Electronic money means monetary value issued on receipt of funds. Electronic money is a prepaid product.
“Faster Payments”
Faster Payments is an electronic payment system to send bank payments in seconds instead of three working days.
“FCA”
Financial Conduct Authority
“Minimum Volume Transaction Fee”
£5.00 a month for any active account with no transactions in a given month.
“Normal Business Hours”
9.00 am to 5.00 pm local UK time, each Business Day.
“Payee”
A individual or businesses details who could receive funds from Telleroo
“Payment Information”
information provided by you in relation to Payments, including without limitation payee account names, account numbers, sort codes, amount to be transferred, denominated currency and payment date.
“Payment Services”
Payment service means a transaction carried out through our Online Services.
“Payment Submission”
referring to the act of creating payments, regardless of the payment, file import or submitted by an authorised third party.
“Payments”
payments by you using the Services. If not stated otherwise referring to UK Faster Payments.
“Pay Run”
Combining one or more individual payments into one aggregate value, including total amount and number of payments.
“Payment Information”
any information provided to Telleroo in connection with a Payment including but not limited to information relating to payment amounts, bank details, references, etc.).
“Periodic Review”
A review conducted by Telleroo at periodic intervals throughout the agreement. The frequency varies depending upon Telleroo’s internal risk appetite.
“The Principal Firm”
A firm that is authorised for certain activities in the UK.
“Services”
the services made available under this Agreement, as described in clause 5.
“Software”
the online software applications provided by Telleroo as part of the Services.
“Sub-processor”
a person or entity subcontracted by you to process your data in accordance with your obligations under or in connection with this Agreement.
“Subscription Term”
has the meaning given in clause 8.
“Transaction”
A payment to an entity through the Telleroo account.
“Telleroo account”
Your electronic money account for the purpose of using the Service.
“Telleroo platform user”
Anyone who you give access to Telleroo and its services.
“Virus”
anything or device (including any software, code, file or programme) which may: prevent, impair or otherwise adversely affect the operation of any computer software, hardware or network, any telecommunications service, equipment or network or any other service or device; prevent, impair or otherwise adversely affect access to or the operation of any programme or data, including the reliability of any programme or data (whether by re-arranging, altering or erasing the programme or data in whole or part or otherwise); or adversely affect the user experience, including worms, trojan horses, viruses and other similar things or devices.
“Your Data”
the data, including Payment Information, inputted by you and/or its Authorised Users into the Service.

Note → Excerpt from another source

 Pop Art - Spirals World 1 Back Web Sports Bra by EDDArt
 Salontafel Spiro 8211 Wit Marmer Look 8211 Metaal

If you have any questions or a complaint about this Agreement, Privacy Notice or services, please check our Frequently Asked Questions (“FAQ”) or get in touch with us:
We may contact you through the app, LiveChat, email, telephone or in writing at the registered office address for the company. Any communications or documents from us will be in English, including this Agreement and our Privacy Notice.
Telleroo is acting as an Agent for Moorwand and PayrNet. Both Moorwand and Payrnet act as the authorised electronic money institution and are our principal firms. Signing up for a Telleroo account means your funds may be held under one of these principal firms.
Telleroo has been appointed as an Electronic Money Agent of Moorwand Ltd who are FCA regulated for the purposes of distributing and redeeming E-Money and providing Payment Services on behalf of its principal Moorwand Ltd.
Telleroo and the principal firm are subject to the Payment Services Regulations 2017. These regulations regulate how payments must be transmitted and provide protection when you send money.
If you require further information on the status of Telleroo as an EMD Agent, details are available on the FCA’s website www.fca.org.uk.
Your Telleroo E-Money Account is an account in which Electronic Money in GBP is stored in exchange for the principal firm receiving the corresponding funds on your behalf.
When Electronic Money is stored in one of your Telleroo E-Money Accounts, Telleroo or The principal firm holding the funds corresponding to the Electronic Money is not the same as a bank holding money for you in that:
All corresponding funds are held at a Banking Institution authorised by the Prudential Regulation Authority and regulated by the Financial Conduct Authority and the Prudential Regulation Authority.
Telleroo shall, during the Subscription Term, provide the Platform Services and make available the and subject to the terms of this Agreement.
Telleroo may from time to time make modifications to the Platform Services (including, without limitation, the Software) and deploy updates or upgrades to the Platform Services, provided that the modified and updated services are of a substantially similar functionality to the Platform Services as at the date of this Agreement.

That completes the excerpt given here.